The catch: memory bandwidth. LLM inference is almost entirely bandwidth-bound during token generation, and Apple Silicon bandwidth varies dramatically by chip. An M3 Max (400 GB/s) actually generates tokens faster than an M4 Pro (273 GB/s) despite being the older chip. So pay attention to bandwidth, not just total memory.

Top picks by memory tier

32GB (M4 Pro base): Qwen 3 14B or GPT-OSS 20B at Q4 quantization. Expect 25–35 tokens/second. The same models that shine on 16GB NVIDIA cards work well here, with more headroom for context.

64GB (M4 Pro/Max): Qwen 3 32B at Q4–Q5 is the top recommendation, running at 12–18 tokens/second. Qwen3-Coder-Next 80B (3B active parameters) also fits at Q4_K_M - its 48.5GB quantized weight size squeaks in under 64GB with room for overhead. This is a coding-specialized model that beats DeepSeek V3.2 on SWE-Bench while using 12x less compute per token.

96–128GB (M4 Max/Ultra): This is where things get wild. Llama 3.3 70B runs at Q4–Q5 quantization at 8–15 tokens/second. Qwen 3.5 397B-A17B - a frontier-class model with only 17B active parameters - fits at 3-bit quantization on 192GB or 4-bit on 256GB, generating around 25+ tokens/second with MoE offloading.

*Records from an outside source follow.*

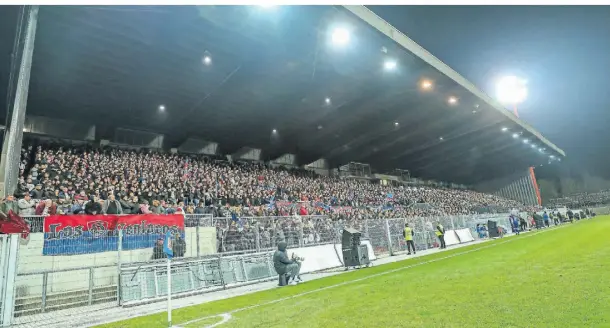  ?? FOTO: STEFAN BRAUER ?? Das Stadion Grotenburg ist endlich Regionalli­ga-tauglich, jetzt muss die Mannschaft punkten.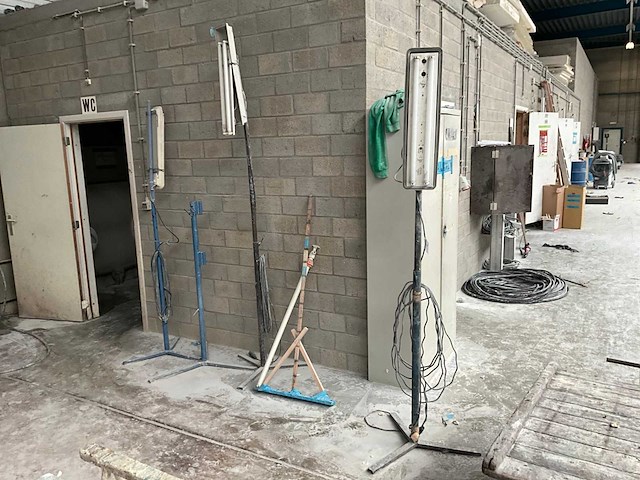 Bouwlamp op statief (3x) - afbeelding 1 van  5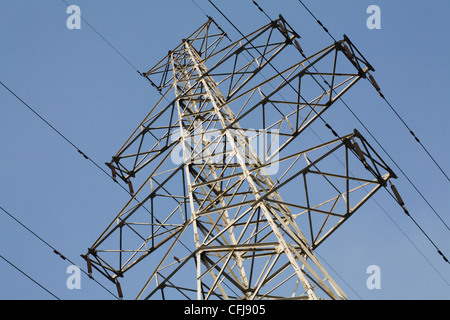 Pylône de l'électricité et le fil d'alimentation électrique. Banque D'Images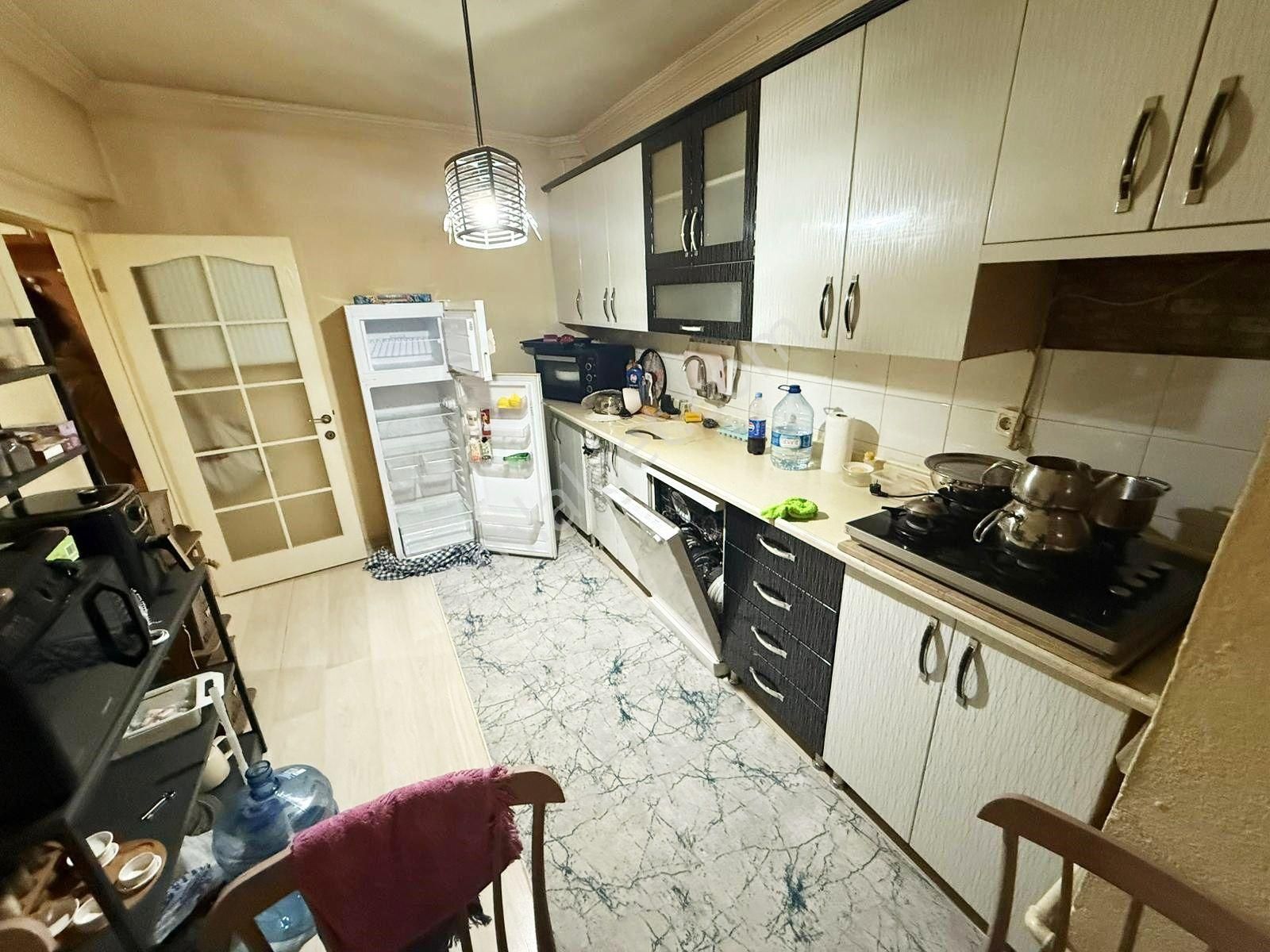 Bağlum Bulvarı Üzeri Katta Ön Cephe İnanılmaz Fiyata 3+1 Daire - Görsel 2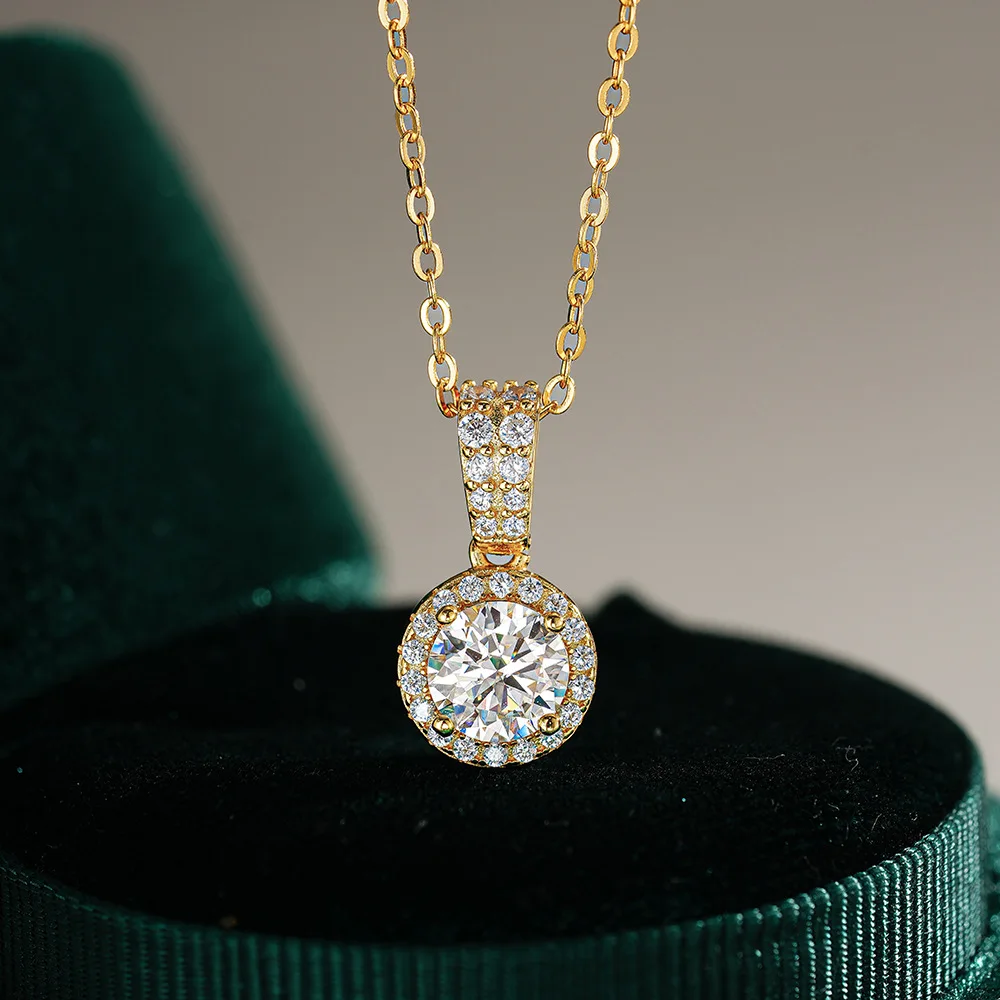 

18K Gold Inlaid Pendant Moissanite Necklace for Women, Classic and Fashionable Round Platinum PT950 Diamond Collarbone Chain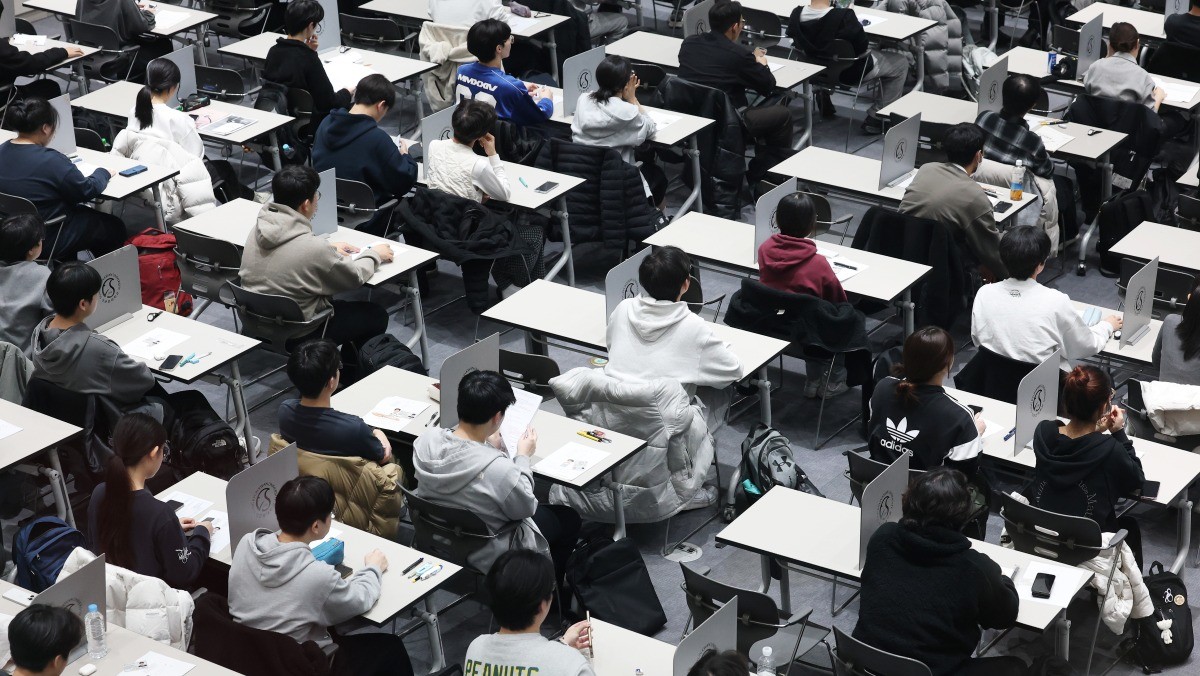 지난해 11월 서울 종로구 성균관대에서 열린 2026학년도 수시모집 논술시험(수리형)에서 수험생들이 시험을 준비하고 있다.  / 뉴스1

You’re running a model that competes with GPT-5.2 on your laptop.

MLX matters

If you’re on Apple Silicon, use the MLX backend rather than the standard GGUF/llama.cpp path. MLX is built specifically for Apple’s hardware and consistently outperforms the generic path by 20–40% on token generation speed.

The MoE Wild Card

Mixture of Experts models have changed what’s possible at every tier. The key insight: a 400B MoE model with 17B active parameters needs to store all 400B parameters in memory, but only computes with 17B per token. So inference speed is similar to a 17B dense model, but you need the memory of a 400B model.

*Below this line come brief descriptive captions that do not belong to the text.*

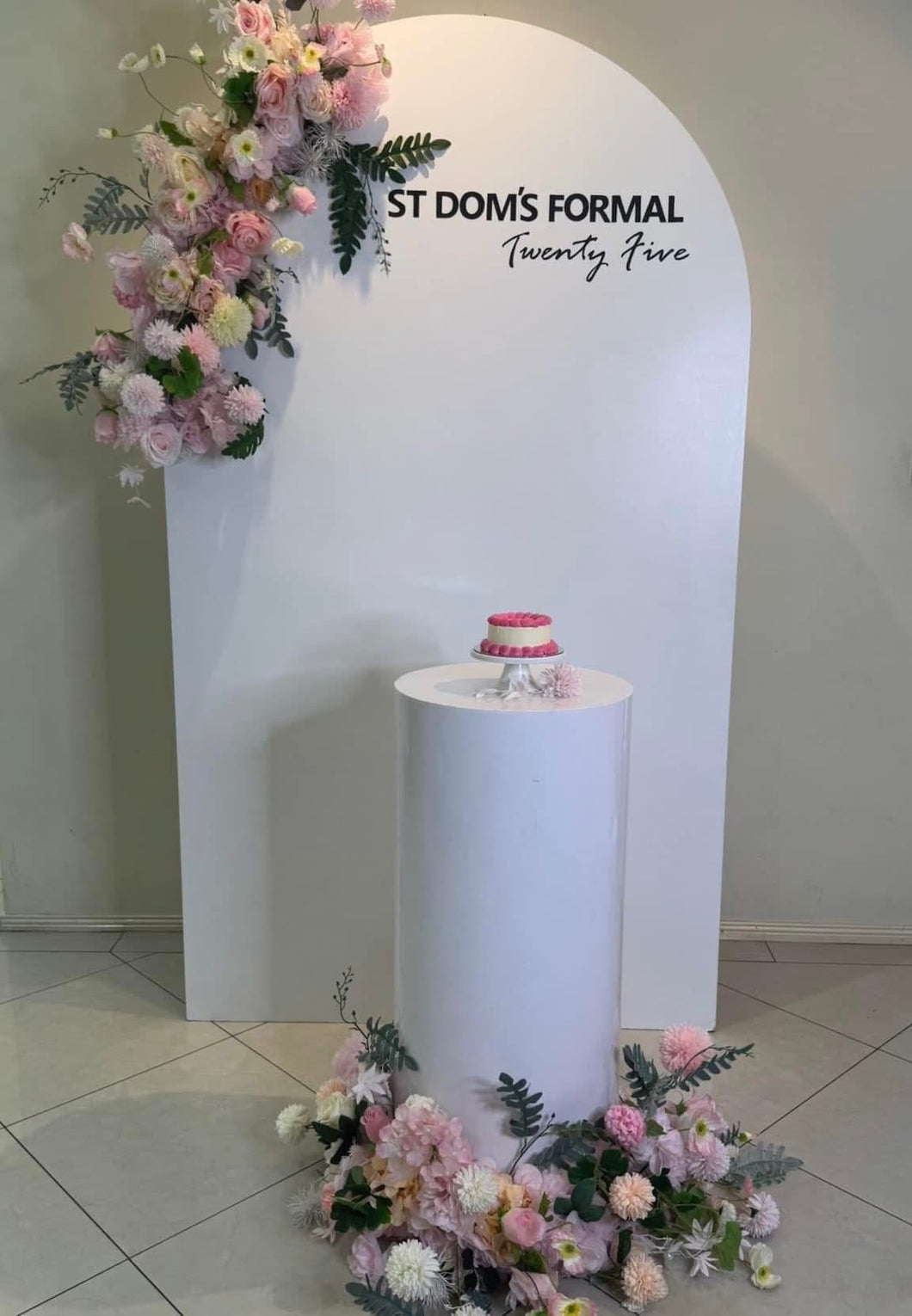 Package Hire includes 1 backdrop 2.15m H x 1.2m W + 1 plinth + 2 flowers (not include decal)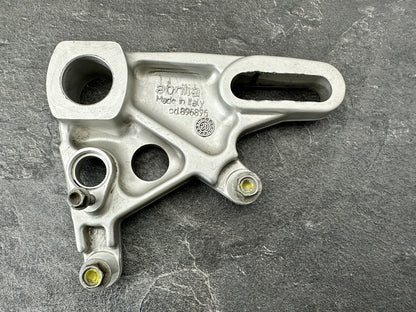 Aprilia Tuono V4 1100 Factory 2020 Rear Brake Caliper Hanger Mount 6889m 2019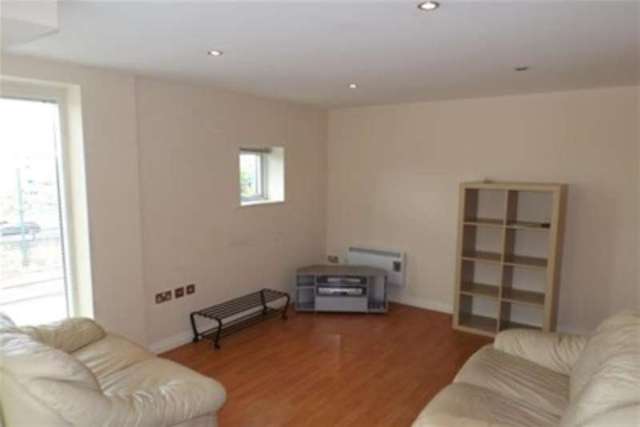  Image of 2 bedroom Flat to rent in Curzon Place Gateshead NE8 at Gateshead, NE8 2ER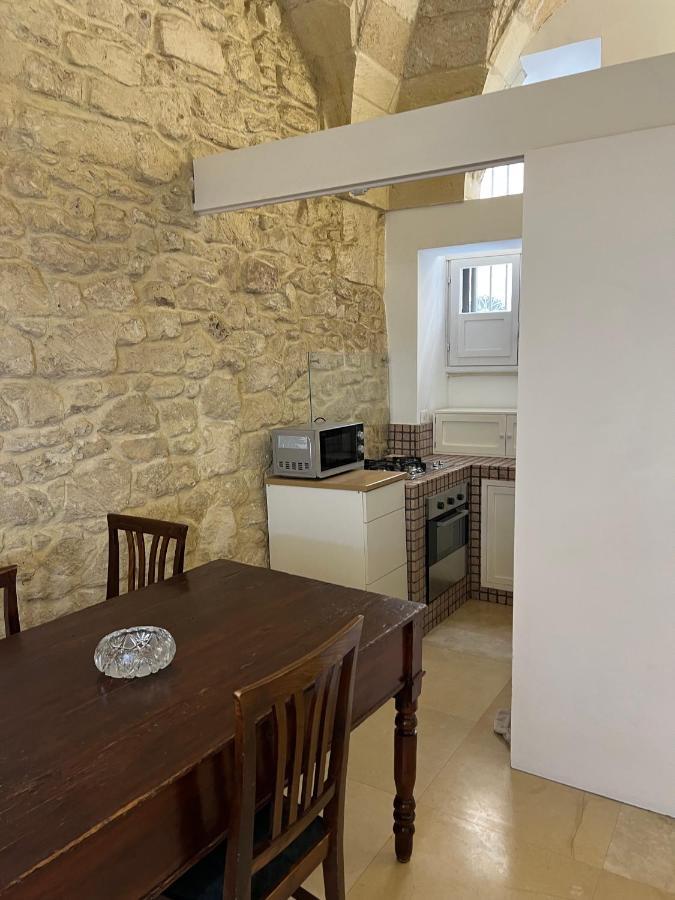 Li Turnisi Apartment Lecce Exterior photo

This makes MoE models perfect for high-memory, bandwidth-rich setups (read: Apple Silicon Macs). The standouts:

  • Qwen 3.5 397B-A17B (February 2026) - Frontier performance. 83.6 on LiveCodeBench, 91.3 on AIME26. Needs ~214GB at Q4 via Unsloth’s dynamic quantization.
  • GLM-5 745B-A44B (February 2026) - Tops the intelligence index with 50.0 score. Lowest hallucination rate in the industry. Needs server hardware or a massive Mac.
  • Llama 4 Scout 109B-A17B - 10 million token context window. Strong multimodal capabilities. Fits on a 64GB Mac at Q4.
  • Qwen3-Coder-Next 80B-A3B - Only 3B active parameters but 71.3% on SWE-Bench Verified. Fits on a 64GB Mac at Q4. The best coding model you can run locally on consumer hardware, period.

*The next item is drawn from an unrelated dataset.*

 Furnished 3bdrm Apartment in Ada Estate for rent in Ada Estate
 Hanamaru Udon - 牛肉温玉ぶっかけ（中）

Quick Reference: Best Model Per Hardware

HardwareBest GeneralBest CodingBest ReasoningSpeed
8GB VRAMQwen 3 8BQwen 3 8BPhi-4 14B (Q3)40–53 t/s
16GB VRAMGPT-OSS 20BGPT-OSS 20BMinistral 3 14B60–140 t/s
24GB VRAMQwen 3 32BQwen 3 32BEXAONE 4.0 32B30–52 t/s
Mac 64GBQwen 3 32BQwen3-Coder-NextQwen 3 32B12–18 t/s
Mac 128GBLlama 3.3 70BQwen3-Coder-NextDeepSeek R1 70B8–15 t/s

How to Get Started

All of these models are available through Ollama with a single command:

# Install Ollama (macOS/Linux)
curl -fsSL https://ollama.com/install.sh | sh

# Pull and run any model
ollama run qwen3:8b          # 8GB tier
ollama run gpt-oss:20b       # 16GB tier
ollama run qwen3:32b         # 24GB tier

For Apple Silicon users wanting the MLX backend, LM Studio provides a clean interface with automatic MLX optimization. For power users who want more control, llama.cpp and vLLM offer the best performance tuning options.

If you want a full ChatGPT-style web interface running locally, check out our guide to setting up Ollama with Open WebUI - published earlier today.

The Bottom Line

February 2026 is the best time yet to run AI locally. OpenAI has open-source models now. A $300 GPU runs models that beat GPT-3.5. A $1,600 Mac Mini handles models that rival GPT-4. And a maxed-out Mac Studio runs frontier-class 400B parameter models from your desk.

The performance gap between local and cloud is shrinking every month. For many tasks - writing, coding, analysis, research - it’s already closed. The remaining advantages of cloud models are in bleeding-edge reasoning, extremely long contexts, and complex multi-modal tasks. For everything else, you can keep your data on your own machine and still get excellent results.

Your hardware decides your tier. This guide tells you which model to pick once you know your tier. Beyond that, the only step left is ollama pull.